Aujourd'hui, dans un article intitulé: "Tribune. Moscou a subi une écrasante défaite morale, les Russes le savent" paru dans le New York times et republié en traduction française par le Courrier international, Alexey Kovalev écrit : "La propagande officielle aboie avec hystérie et fait tout ce qu’elle peut pour convaincre les Russes du bien-fondé de cette guerre, tout en refusant de la désigner ainsi. Le ministre de la censure muselle les quelques médias russes encore indépendants, notamment Meduza, où je travaille, qui osent utiliser le mot “guerre”."
Ces lignes nous rappellent encore une fois que la tentative d'occulter le réel, de le désamorcer, par la magie sinistre des dénominations est non seulement familière aux psychologues criminologistes, mais également aux historiens du totalitarisme. La violence destructrice qui se sait injustifiable s'efforce toujours de porter des masques linguistiques pour fabriquer un réel supportable et manipulable. A ce propos, il ne s'agit pas seulement d'une interdiction de prononcer le mot fatidique qui révèle en plein jour la nature d'un acte violent, mais de lui substituer d'autres mots qui déporteront le sens authentique vers des registres trompeurs, de puiser aux champs lexicaux de registres légitimants et consolateurs, héroïques et prophétiques, techniques ou fonctionnels. Il n'y a donc pas de guerre en Ukraine, mais une "opération spéciale".

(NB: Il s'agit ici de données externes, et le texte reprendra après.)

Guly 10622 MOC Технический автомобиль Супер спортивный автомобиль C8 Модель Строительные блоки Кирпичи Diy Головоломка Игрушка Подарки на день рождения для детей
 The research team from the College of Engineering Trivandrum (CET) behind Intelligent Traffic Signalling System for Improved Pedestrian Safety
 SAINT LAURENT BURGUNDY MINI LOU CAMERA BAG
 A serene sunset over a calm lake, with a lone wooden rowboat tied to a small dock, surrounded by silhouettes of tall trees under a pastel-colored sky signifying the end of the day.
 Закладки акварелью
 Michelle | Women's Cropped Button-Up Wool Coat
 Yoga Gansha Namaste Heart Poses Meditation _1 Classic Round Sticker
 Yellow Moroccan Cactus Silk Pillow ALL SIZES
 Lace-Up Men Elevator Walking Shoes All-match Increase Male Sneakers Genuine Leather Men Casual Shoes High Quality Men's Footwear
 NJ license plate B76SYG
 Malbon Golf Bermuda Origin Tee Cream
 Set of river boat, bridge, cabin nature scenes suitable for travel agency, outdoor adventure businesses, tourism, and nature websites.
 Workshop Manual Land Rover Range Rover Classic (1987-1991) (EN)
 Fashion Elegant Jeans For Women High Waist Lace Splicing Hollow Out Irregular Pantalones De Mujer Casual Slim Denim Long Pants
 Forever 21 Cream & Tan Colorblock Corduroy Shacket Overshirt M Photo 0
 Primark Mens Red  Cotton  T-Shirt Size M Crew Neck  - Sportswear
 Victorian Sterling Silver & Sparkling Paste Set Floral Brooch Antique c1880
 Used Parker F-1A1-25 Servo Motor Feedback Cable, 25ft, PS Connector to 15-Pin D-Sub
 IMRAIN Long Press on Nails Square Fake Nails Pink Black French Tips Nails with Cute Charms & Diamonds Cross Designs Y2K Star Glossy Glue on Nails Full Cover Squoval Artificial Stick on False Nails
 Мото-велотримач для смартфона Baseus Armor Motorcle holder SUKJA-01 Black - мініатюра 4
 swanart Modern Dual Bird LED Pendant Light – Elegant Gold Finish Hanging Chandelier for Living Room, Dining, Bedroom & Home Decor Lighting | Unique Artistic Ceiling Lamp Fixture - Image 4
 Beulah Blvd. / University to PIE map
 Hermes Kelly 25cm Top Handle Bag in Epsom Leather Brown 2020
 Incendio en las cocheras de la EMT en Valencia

Quant aux enfants et aux femmes pris au piège sous le déluge des bombes à Marioupol, ils n'existent pas tout simplement pas d'après les médias officiels russes. Leur existence est imaginaire. Ils sont déjà des fantômes de l'Histoire. Cette manipulation du langage officiel est une constante du totalitarisme. Nier le réel par un coup d'Etat sur le sens même des mots est une stratégie inséparable de la volonté de puissance. Cependant, loin se se limiter à n'être qu'une extension de la stratégie politique et militaire à la verbalisation du réel, le contrôle du langage recèle un fantasme plus profond: celui de soumettre pour toujours l'Histoire au verbe de la puissance militaire, de créer un travestissement éternel comme celui des momies égyptiennes qui dorment sous l'empilement de leurs sarcophages.
Le dictateur doit recourir au fantasme monumental, aux délires de l'architecture funéraire, à une scripturaire mégalomane, et à tous les registres de l'idéalisation idolâtres pour tenter de lutter contre l'inévitable dégonflement du réel totalitaire qui les attend. Heureusement, les mécanismes de la propagande se transforment vite en images grotesques, menacées par l'enflure et le kitsch, comme les portraits d'Hitler en athlète triomphant, ou comme le tombeau de Franco, aujourd'hui délivré de son encombrante dépouille.
On a pu voir tout récemment, alors que des villes entières d'Ukraine étaient prises sous le feu mortel des bombes en Ukraine, le responsable de ce déluge mortel prendre son thé, entouré de charmantes hôtesses de l'air d'Aéroflot, dans un décor insolite de plantes vertes qui évoquait vaguement les jungles des mauvais films hollywoodiens des années cinquante. Le protagoniste mâle, au centre, était-il un simple hologramme comme certains le soupçonnent? Il n'en reste pas moins que cette photographie frivole, avec un petit nombre d'élues habillées de rouge sang, avec leurs sourires pétrifiés, tenant à la main des bouquets dignes d'un enterrement, évoque irrésistiblement le meurtre de milliers de civils innocents qu'elle tente vainement de faire oublier.